In 2013, Shapiro then further embarrassed himself by sharing false statistics about Collins, cutting the NBA veteran’s average per game production by more than half. 

“Jason Collins averaged 1.1 PPG, 1.6 RPG, and 0.3 BPG. All more relevant than the fact that he’s gay.”

In fact, Collins averaged 3.6 points per game, 3.7 rebounds per game and 0.5 blocks per game over his NBA career.

But those pesky facts.

If Shapiro is trying to say “Collins wasn’t an All-Star so he sucks,” half of that is true. 

Collins wasn’t an NBA All-Star. That’s a fact. 

And… he most definitely didn’t suck. No one who isn’t good at professional sports has a 13-season career and helps his team to the playoffs as much as Collins.

In 13 seasons, his team made the NBA Playoffs 10 times, reaching the NBA Finals with the New Jersey Nets in 2003. In the Eastern Conference Finals against the Detroit Pistons that season, he led the team in rebounds two of those games. 

Shapiro rounded out his homophobic days-long tirade against Collins in 2013 by joining Piers Morgan on CNN and blowing the reaction to Collins absurdly out of proportion, in an attempt to discredit all of it.

“You think this is such a homophobic country,” he said to Morgan, “that when Jason Collins comes out, it’s the biggest deal in the history of humanity.”
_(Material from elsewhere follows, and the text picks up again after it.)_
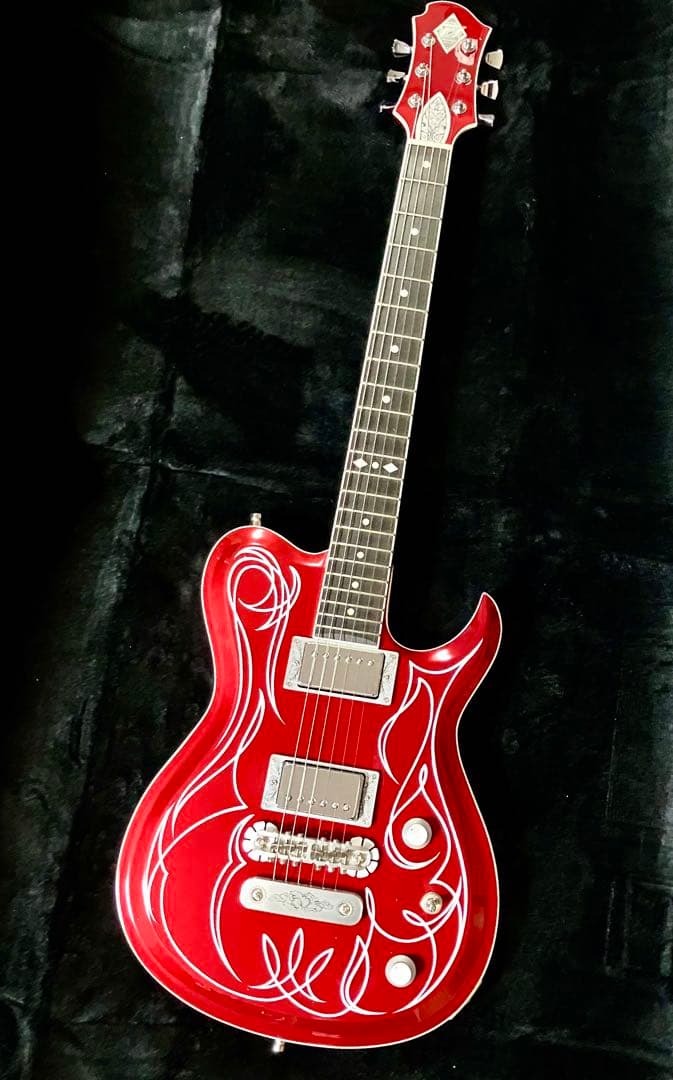 ギター ZEMAITIS Superior SCW22 MRD llic Red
This is a cheap tactic Shapiro regularly uses when trying to demean the fact that people like a story he doesn’t like, claiming it’s blown out of proportion. He doesn’t like any positive publicity a gay person gets for coming out, so he lies about the scope of the coverage. 

It’s a cheap trick.

No, this wasn’t “the biggest deal in the history of humanity.” In fact, with the Supreme Court siding with same-sex marriage, and the Snowden leaks, it wasn’t even the “biggest deal” of 2013. And the media and public didn’t treat it as such.
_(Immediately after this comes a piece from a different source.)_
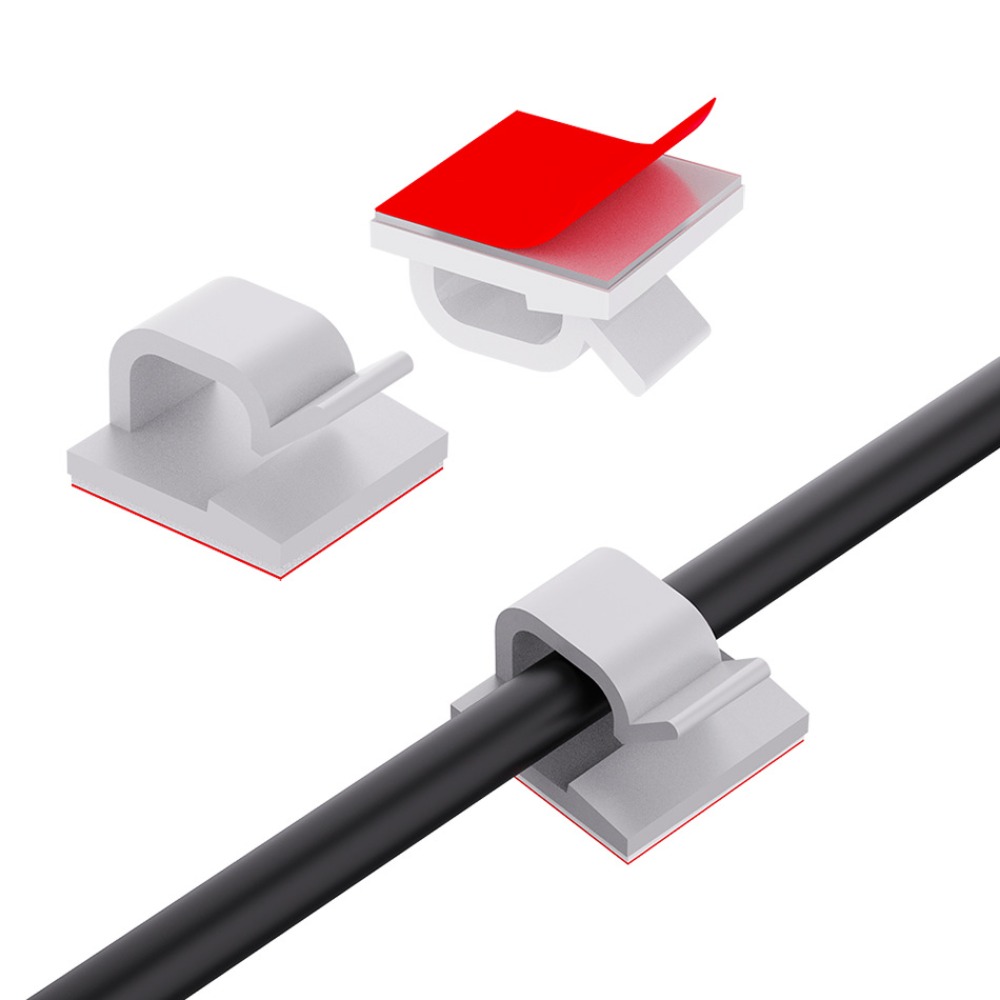 Cable Management Box - مشبك كابلات بلاستيكي شفاف على شكل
Yet this is the game Shapiro plays. 

What does this have to do with us 11 years later? Shapiro continues to be an enemy of LGBTQ equality, even same-sex marriage.

He routinely launches into false screeds about why same-sex marriage is wrong. 

First he says that marriage should be strictly about the raising of children. Because two men can’t have a baby through procreation, he says that disqualifies them from marriage.

Yet many same-sex couples do raise children. The number is increasing every year. And many heterosexual couples don’t have children, or adopt just like many same-sex couples.

As he decries the decline of heterosexual couples’ interest in having children as the end of civilization (yes, he actually argues this), he also ignores or chastises same-sex couples’ increasing interest in having children.

But, of course, he claims he’s not anti-gay.

He’s also said that heterosexual couples are inherently better at raising children than two men or two women, despite evidence to the contrary.

We will continue to celebrate the day Jason Collins came out publicly. He was a courageous hero for doing so, and for doing so with a Sports Illustrated cover story. 

The conservative tears are flowing right onto Shapiro’s coffee mug.